§ How to complete this task: Restate the listing below word for word; no picture is to be carried over.
Information shown Block Start
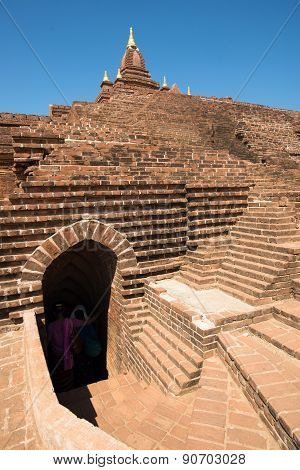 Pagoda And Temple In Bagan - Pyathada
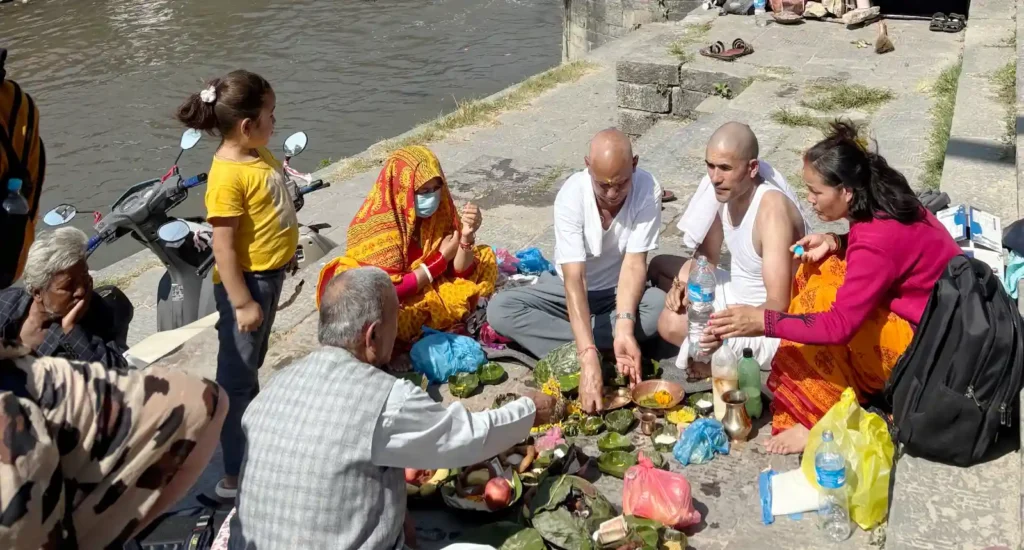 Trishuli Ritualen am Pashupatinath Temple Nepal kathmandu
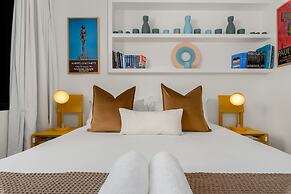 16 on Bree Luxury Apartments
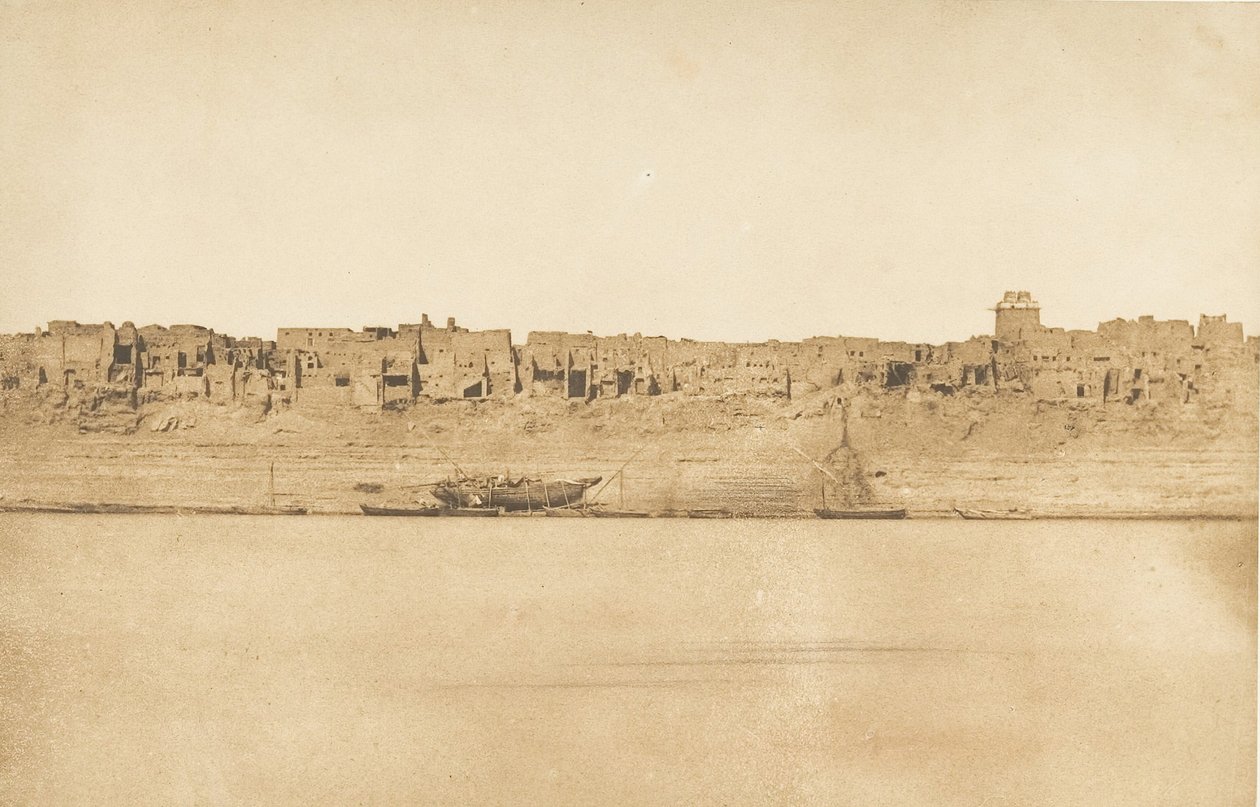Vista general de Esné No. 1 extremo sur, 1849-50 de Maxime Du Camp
Information shown Block End
§ Output:
 Pagoda And Temple In Bagan - Pyathada
 Trishuli Ritualen am Pashupatinath Temple Nepal kathmandu
 16 on Bree Luxury Apartments
Vista general de Esné No. 1 extremo sur, 1849-50 de Maxime Du Camp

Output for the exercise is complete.